**Try it:** Pictures aside, the data must be reproduced exactly.

Short web captions:
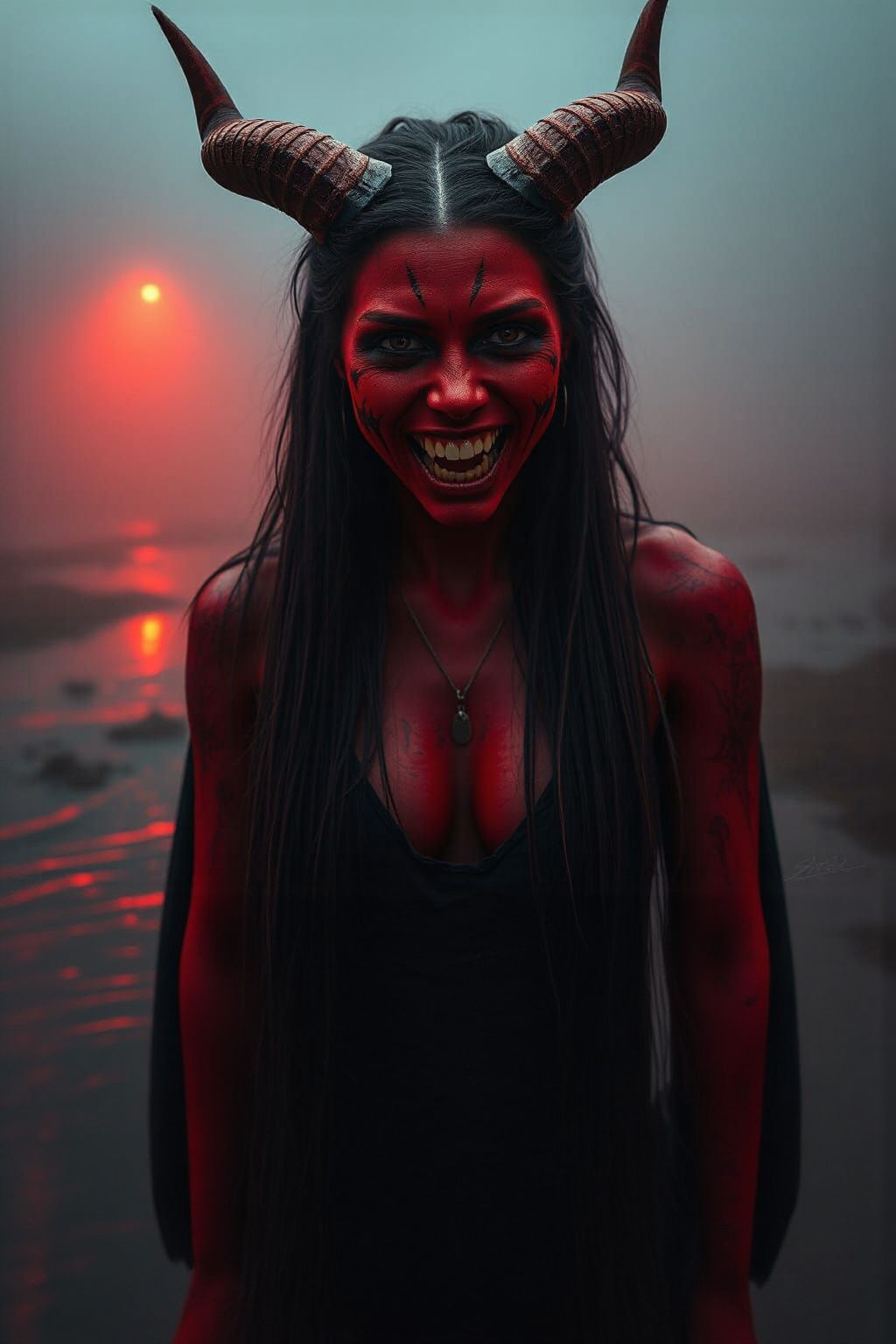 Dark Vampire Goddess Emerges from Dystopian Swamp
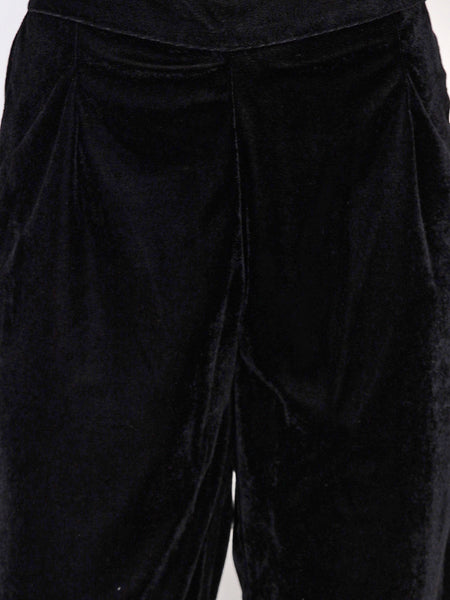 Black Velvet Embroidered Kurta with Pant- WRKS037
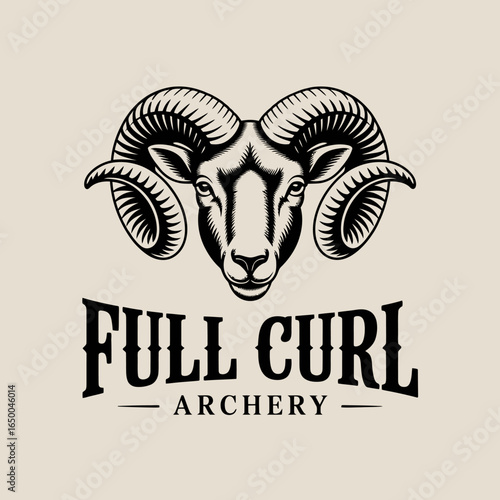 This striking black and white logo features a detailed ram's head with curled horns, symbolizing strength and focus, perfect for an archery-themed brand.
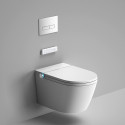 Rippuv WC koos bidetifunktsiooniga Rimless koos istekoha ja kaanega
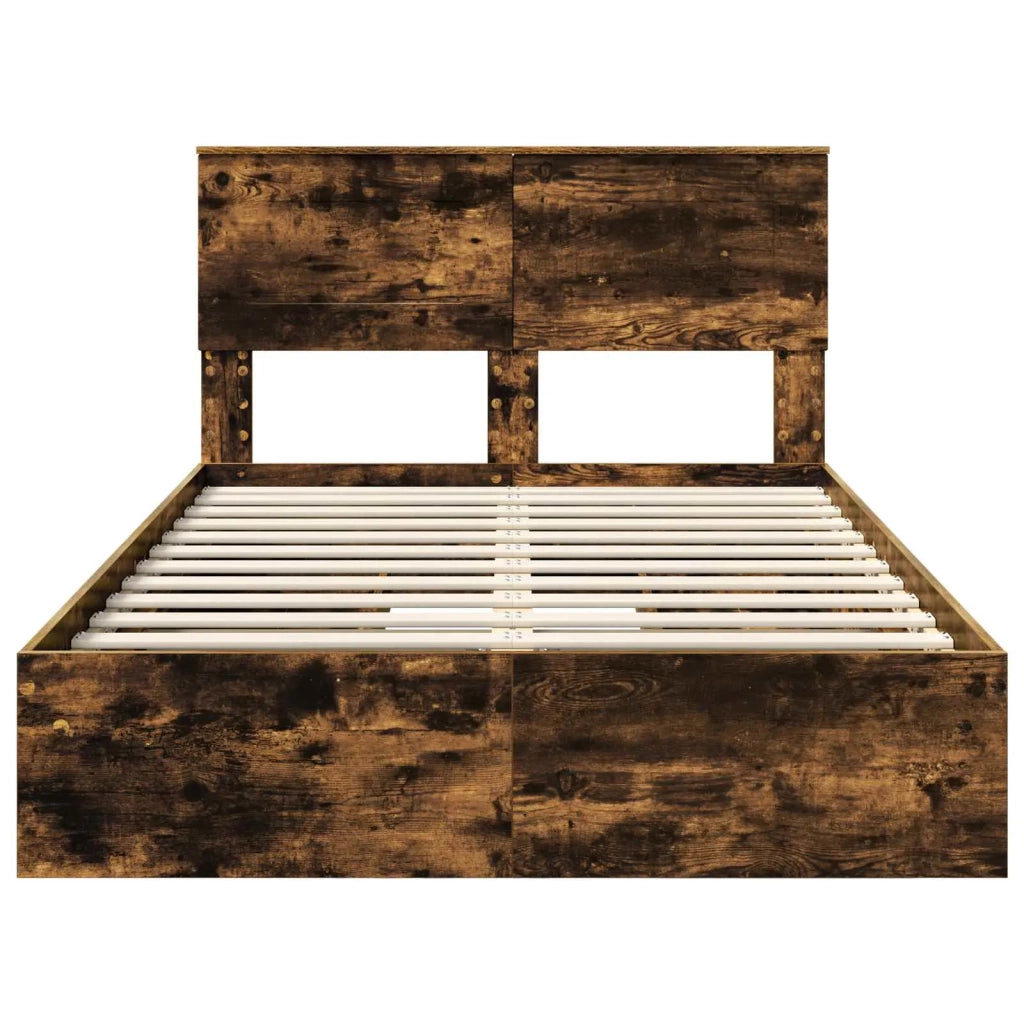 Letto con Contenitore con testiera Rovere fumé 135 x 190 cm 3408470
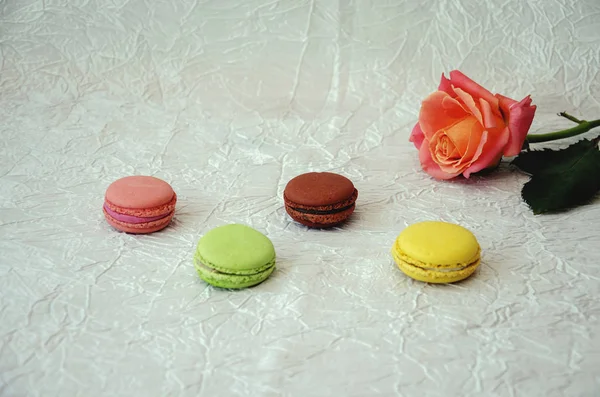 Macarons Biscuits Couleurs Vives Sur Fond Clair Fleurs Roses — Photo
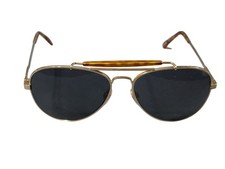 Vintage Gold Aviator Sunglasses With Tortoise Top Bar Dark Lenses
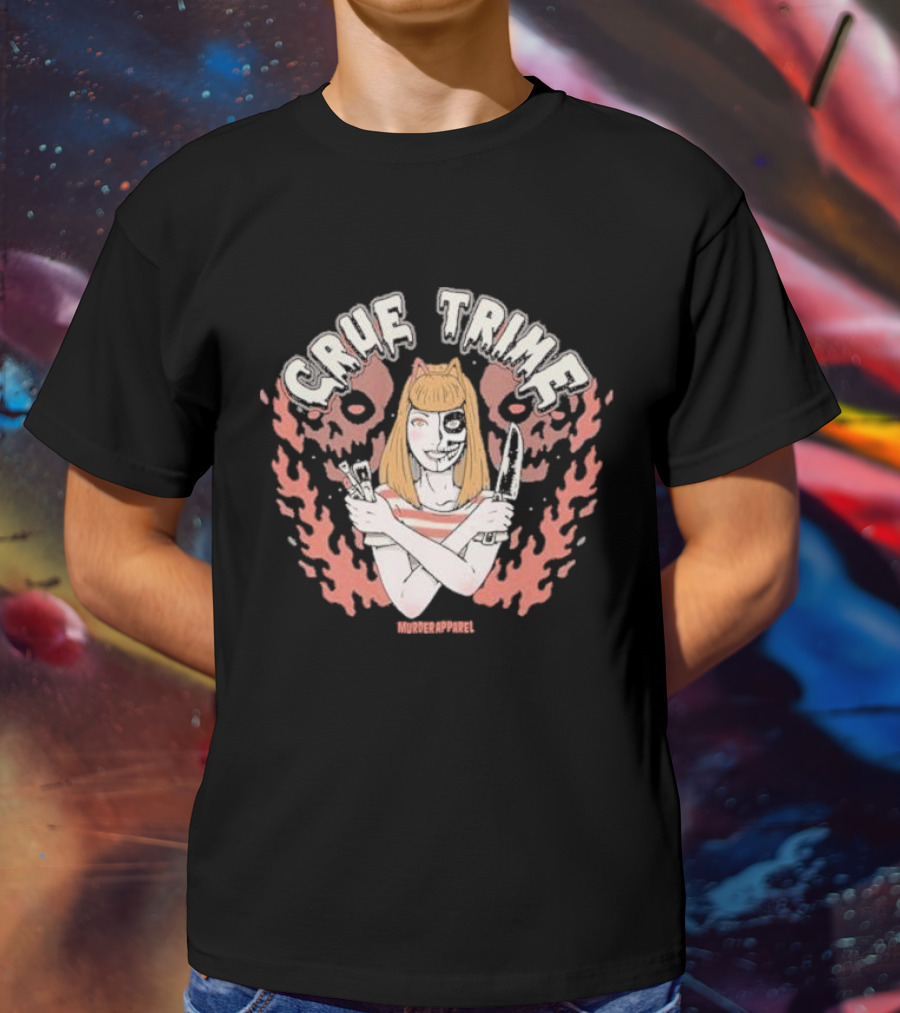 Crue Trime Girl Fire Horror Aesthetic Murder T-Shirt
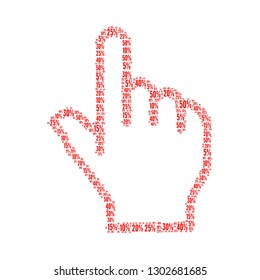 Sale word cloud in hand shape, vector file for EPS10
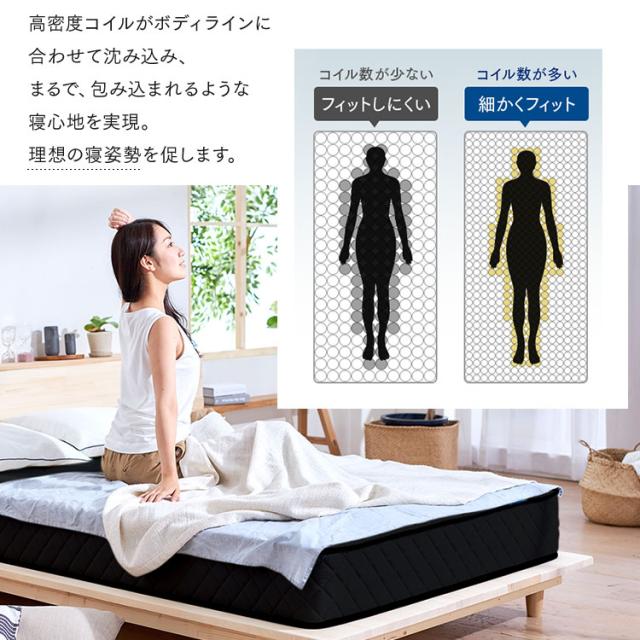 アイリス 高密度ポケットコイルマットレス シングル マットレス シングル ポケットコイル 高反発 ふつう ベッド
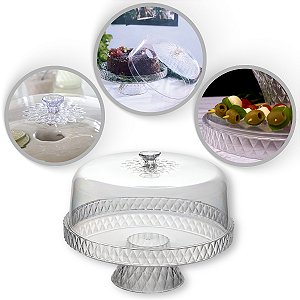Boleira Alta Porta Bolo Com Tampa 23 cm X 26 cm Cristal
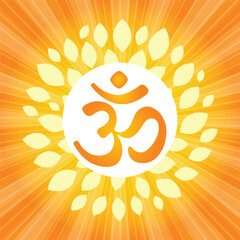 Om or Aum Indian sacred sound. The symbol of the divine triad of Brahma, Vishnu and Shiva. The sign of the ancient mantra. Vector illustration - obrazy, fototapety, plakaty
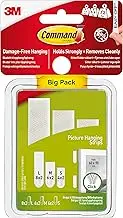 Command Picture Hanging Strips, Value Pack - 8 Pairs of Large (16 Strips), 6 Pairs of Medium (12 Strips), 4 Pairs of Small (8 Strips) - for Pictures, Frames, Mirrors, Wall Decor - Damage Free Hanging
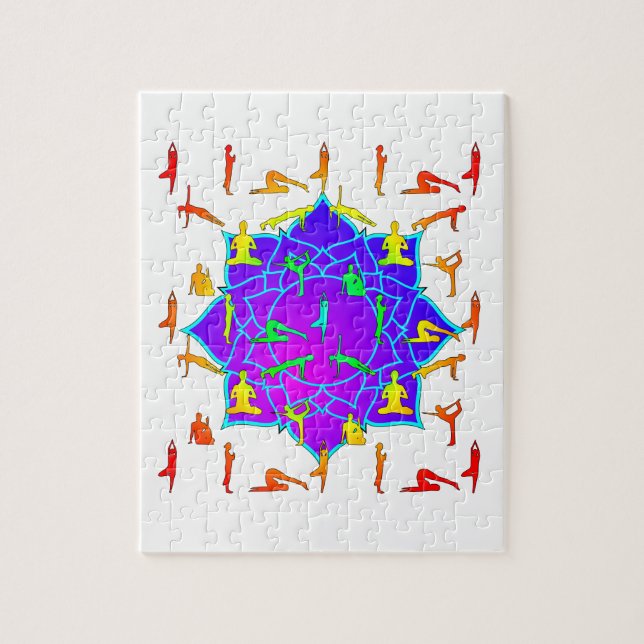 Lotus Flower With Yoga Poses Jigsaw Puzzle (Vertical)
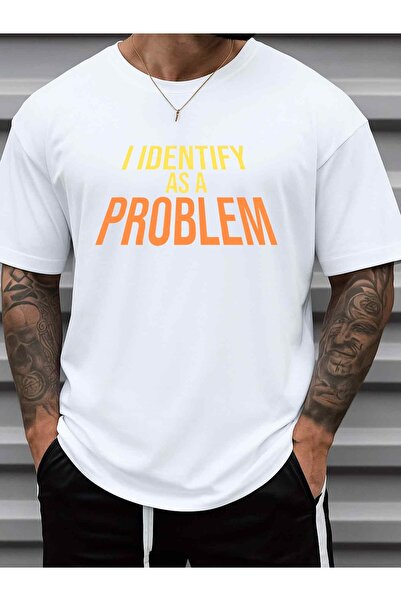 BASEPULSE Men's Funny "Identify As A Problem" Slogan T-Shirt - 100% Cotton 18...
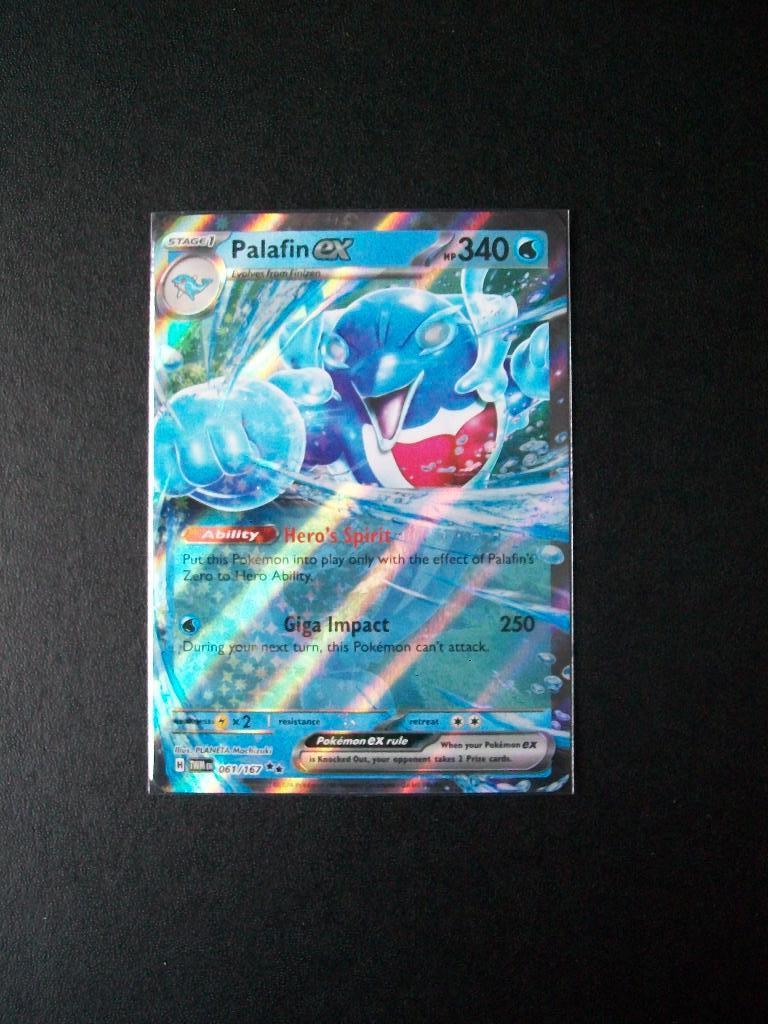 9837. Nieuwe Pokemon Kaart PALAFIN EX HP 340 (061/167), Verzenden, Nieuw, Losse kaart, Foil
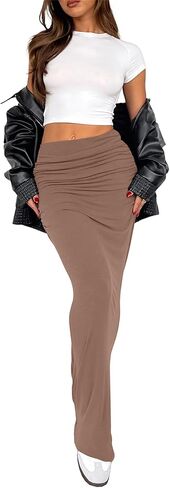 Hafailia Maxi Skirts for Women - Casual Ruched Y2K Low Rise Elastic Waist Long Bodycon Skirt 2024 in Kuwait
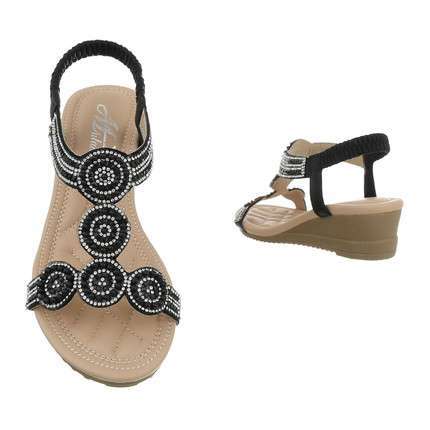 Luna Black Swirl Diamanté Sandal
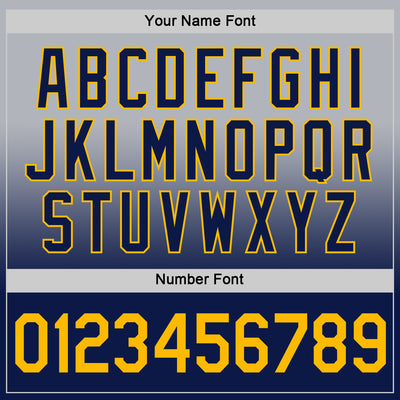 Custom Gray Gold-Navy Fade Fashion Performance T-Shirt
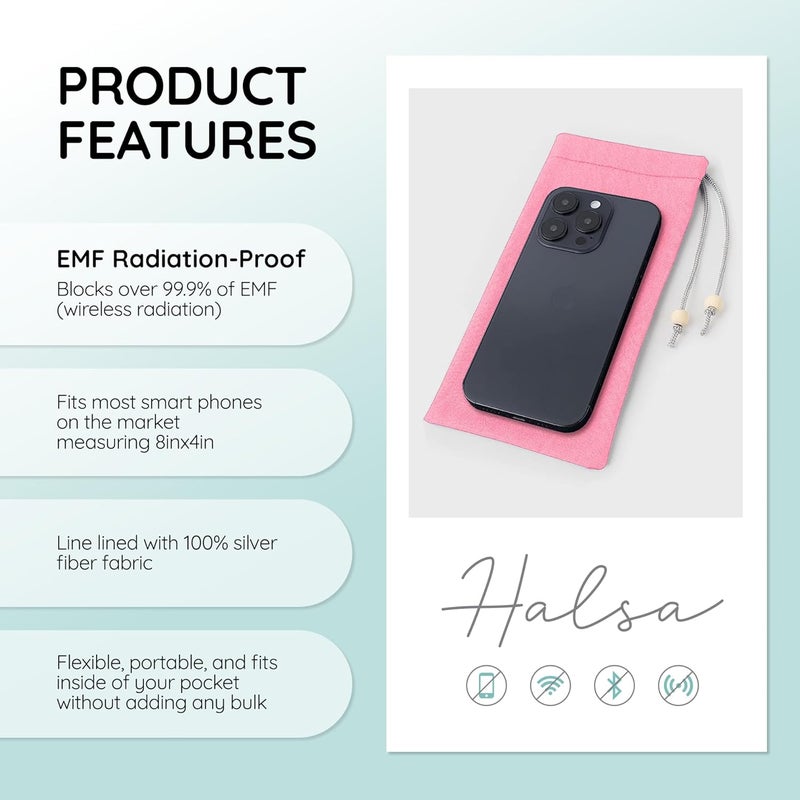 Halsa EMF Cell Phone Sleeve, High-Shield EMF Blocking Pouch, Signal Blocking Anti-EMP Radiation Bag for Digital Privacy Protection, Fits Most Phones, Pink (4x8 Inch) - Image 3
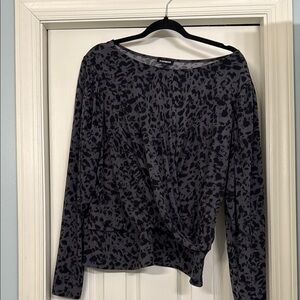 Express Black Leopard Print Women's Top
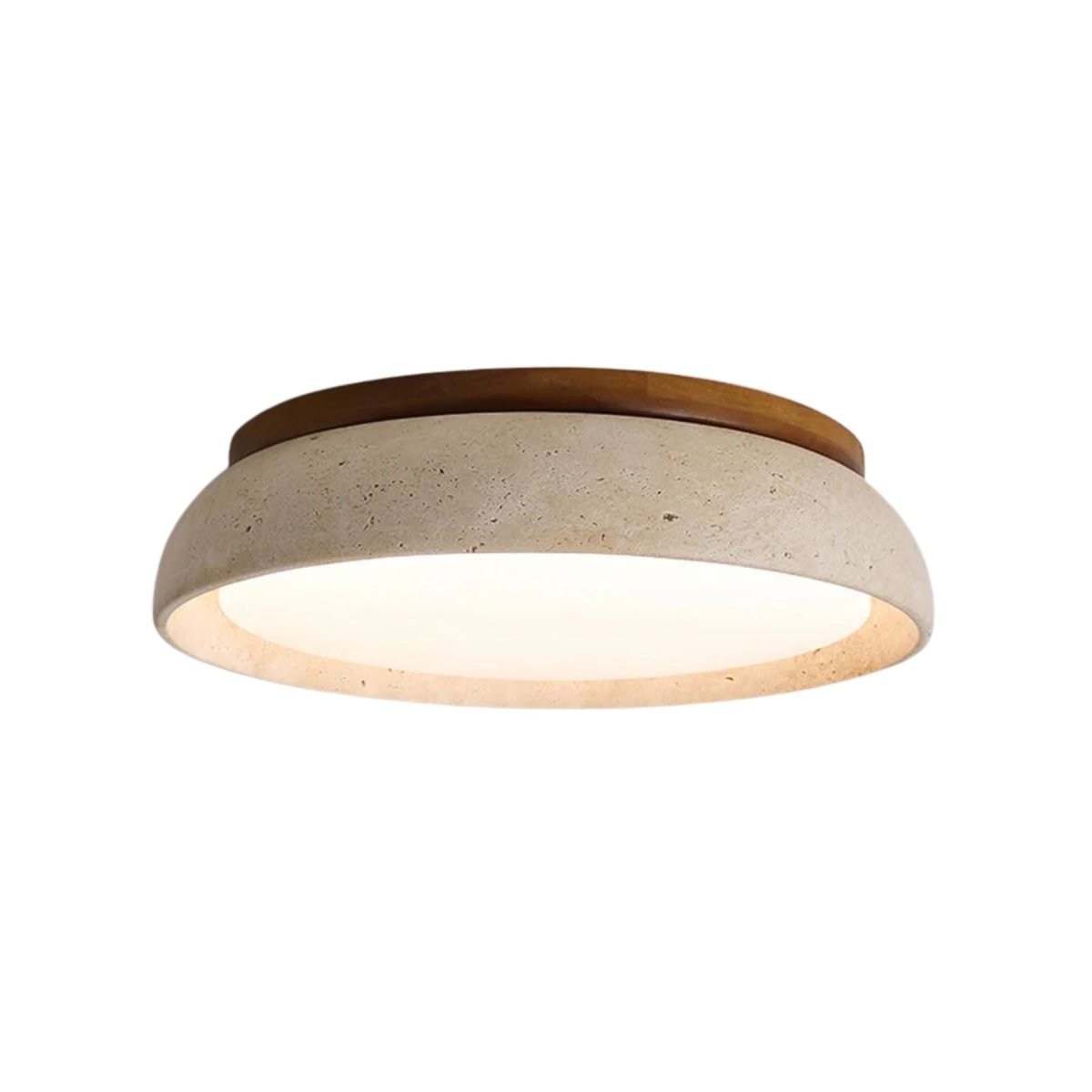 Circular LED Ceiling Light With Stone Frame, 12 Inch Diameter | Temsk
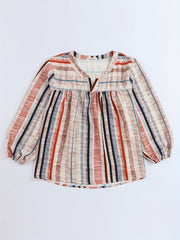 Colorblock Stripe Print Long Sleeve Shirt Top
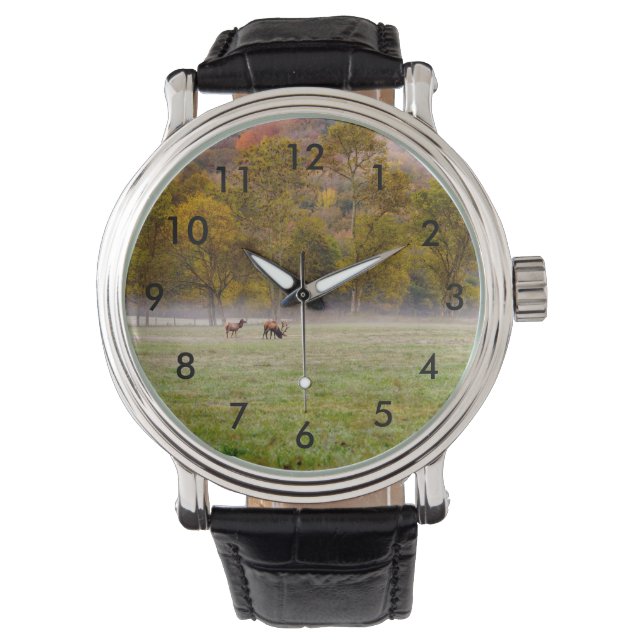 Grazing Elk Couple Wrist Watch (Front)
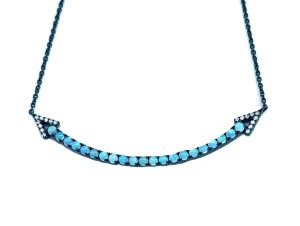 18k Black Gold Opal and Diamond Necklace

**Result:**
 Dark Vampire Goddess Emerges from Dystopian Swamp
 Black Velvet Embroidered Kurta with Pant- WRKS037
 This striking black and white logo features a detailed ram's head with curled horns, symbolizing strength and focus, perfect for an archery-themed brand.
 Rippuv WC koos bidetifunktsiooniga Rimless koos istekoha ja kaanega
 Letto con Contenitore con testiera Rovere fumé 135 x 190 cm 3408470
 Macarons Biscuits Couleurs Vives Sur Fond Clair Fleurs Roses — Photo
 Vintage Gold Aviator Sunglasses With Tortoise Top Bar Dark Lenses
 Crue Trime Girl Fire Horror Aesthetic Murder T-Shirt
 Sale word cloud in hand shape, vector file for EPS10
 アイリス 高密度ポケットコイルマットレス シングル マットレス シングル ポケットコイル 高反発 ふつう ベッド
Boleira Alta Porta Bolo Com Tampa 23 cm X 26 cm Cristal
 Om or Aum Indian sacred sound. The symbol of the divine triad of Brahma, Vishnu and Shiva. The sign of the ancient mantra. Vector illustration - obrazy, fototapety, plakaty
 Command Picture Hanging Strips, Value Pack - 8 Pairs of Large (16 Strips), 6 Pairs of Medium (12 Strips), 4 Pairs of Small (8 Strips) - for Pictures, Frames, Mirrors, Wall Decor - Damage Free Hanging
 Lotus Flower With Yoga Poses Jigsaw Puzzle (Vertical)
 BASEPULSE Men's Funny "Identify As A Problem" Slogan T-Shirt - 100% Cotton 18...
 9837. Nieuwe Pokemon Kaart PALAFIN EX HP 340 (061/167), Verzenden, Nieuw, Losse kaart, Foil
 Hafailia Maxi Skirts for Women - Casual Ruched Y2K Low Rise Elastic Waist Long Bodycon Skirt 2024 in Kuwait
 Luna Black Swirl Diamanté Sandal
 Custom Gray Gold-Navy Fade Fashion Performance T-Shirt
 Halsa EMF Cell Phone Sleeve, High-Shield EMF Blocking Pouch, Signal Blocking Anti-EMP Radiation Bag for Digital Privacy Protection, Fits Most Phones, Pink (4x8 Inch) - Image 3
 Express Black Leopard Print Women's Top
 Circular LED Ceiling Light With Stone Frame, 12 Inch Diameter | Temsk
 Colorblock Stripe Print Long Sleeve Shirt Top
 Grazing Elk Couple Wrist Watch (Front)
 18k Black Gold Opal and Diamond Necklace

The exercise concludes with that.